Poonam N. Desai, Bofei Wang, Andre Fonseca, Pamella Borges, Fatima Zahra Jelloul, Patrick K. Reville, Eric Lee, Christopher Ly, Akshay Basi, Jessica Root, Natalia Baran, Sean M. Post, Qing Deng, Hanxiao Sun, Arif O. Harmanci, Jared K. Burks, Javier A. Gomez, Courtney D. DiNardo, Naval G. Daver, Gheath Alatrash, Marina Konopleva, Michael R. Green, Dinler A. Antunes, Andrew Futreal, Dapeng Hao, Hussein A. Abbas

Comprehensive investigation of CD8+ T cells in acute myeloid leukemia (AML) is essential for developing immunotherapeutic strategies beyond immune checkpoint blockade. Herein, we performed single-cell RNA profiling of CD8+ T cells from 3 healthy bone marrow donors and 23 newly diagnosed (NewlyDx) and 8 relapsed/refractory (RelRef) AML patients. Cells co-expressing canonical exhaustion markers formed a cluster constituting <1% of all CD8+ T cells. We identified two effector CD8+ T cell subsets characterized by distinct cytokine and metabolic profiles that were differentially enriched in NewlyDx and RelRef patients. We refined a 25-gene CD8-derived signature correlating with therapy resistance, including genes associated with activation, chemoresistance, and terminal differentiation. Pseudotemporal trajectory analysis supported enrichment of a terminally differentiated state in CD8+ T cells with high CD8-derived signature expression at relapse or refractory disease. Higher expression of the 25-gene CD8 AML signature correlated with poorer outcomes in previously untreated AML patients, suggesting that the bona fide state of CD8+ T cells and their degree of differentiation are clinically relevant.

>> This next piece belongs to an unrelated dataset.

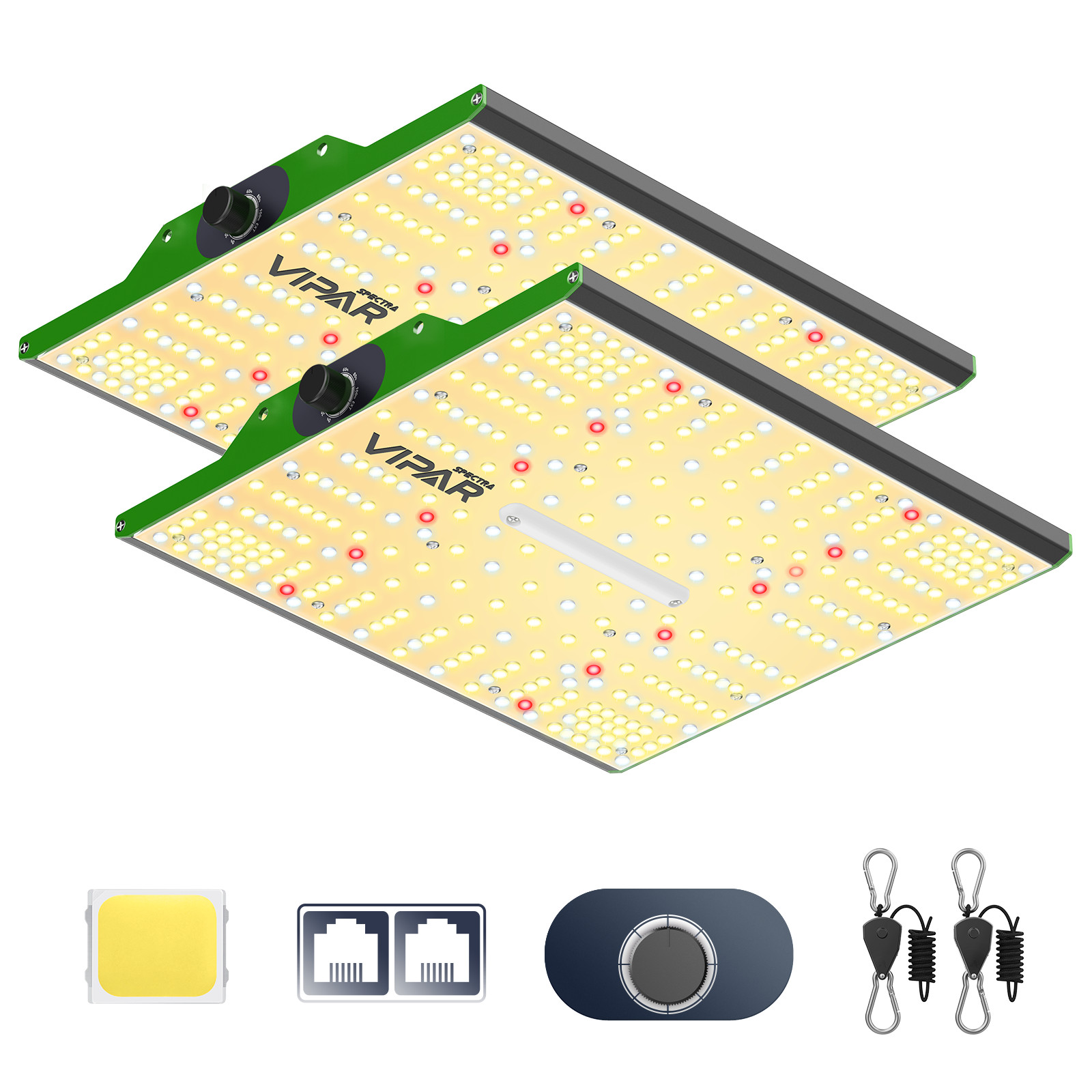 VIPARSPECTRA 2PCS P1000 LED Grow Light Full Spectrum for 4x2 Grow Tent Kit Bloom gallery
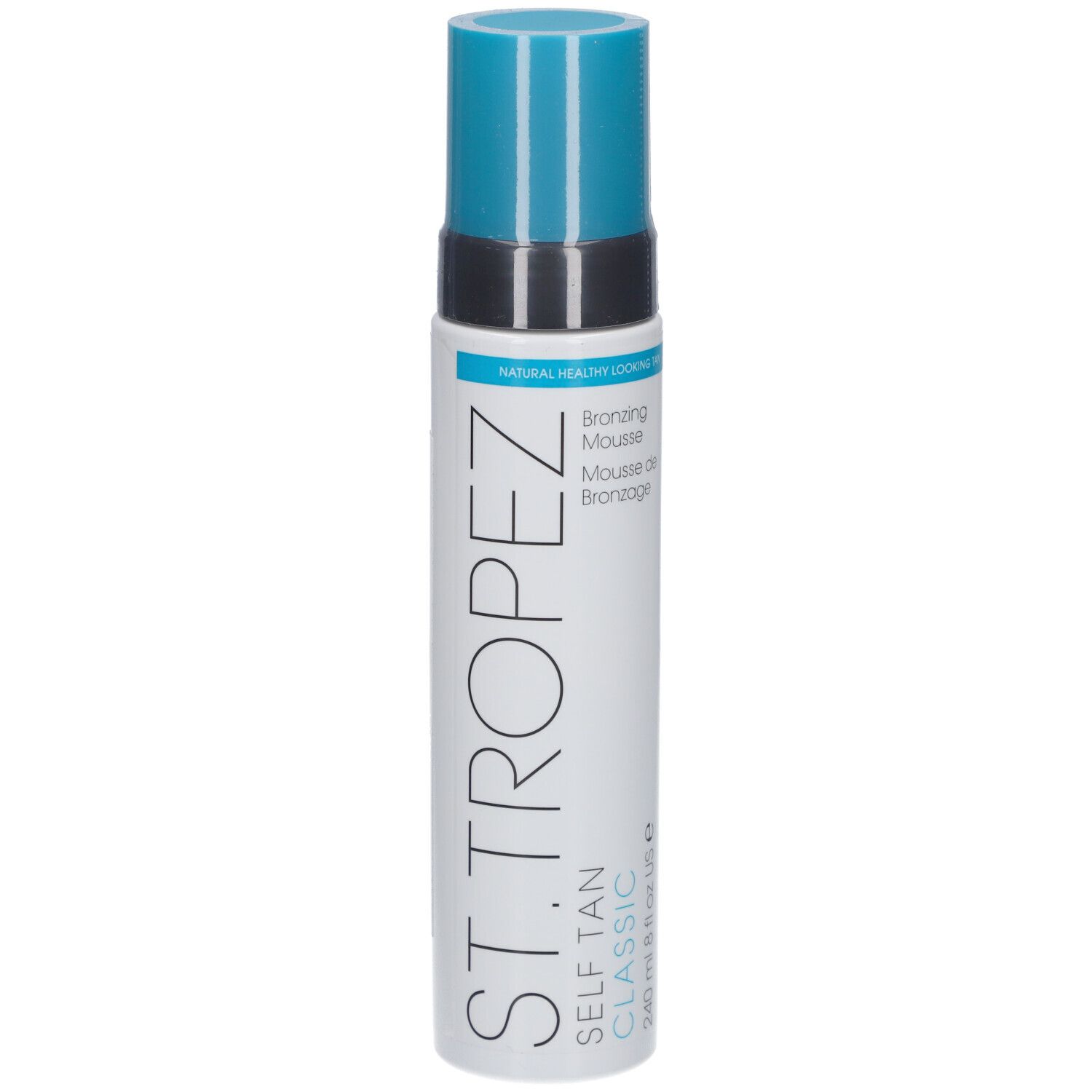 Weiß-blaue Flasche. Aufschrift: ST TROPEZ, SELF TAN CLASSIC, Bronzing Mousse. Blaue Kappe. 240 ml.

Immune clonotype tracking revealed more phenotypic transitions in CD8 clonotypes in NewlyDx than in RelRef patients. Furthermore, CD8+ T cells from RelRef patients had a higher degree of clonal hyperexpansion associated with terminal differentiation and higher CD8-derived signature expression. Clonotype-derived antigen prediction revealed that most previously unreported clonotypes were patient-specific, suggesting significant heterogeneity in AML immunogenicity. Thus, immunologic reconstitution in AML is likely to be most successful at earlier disease stages when CD8+ T cells are less differentiated and have greater capacity for clonotype transitions.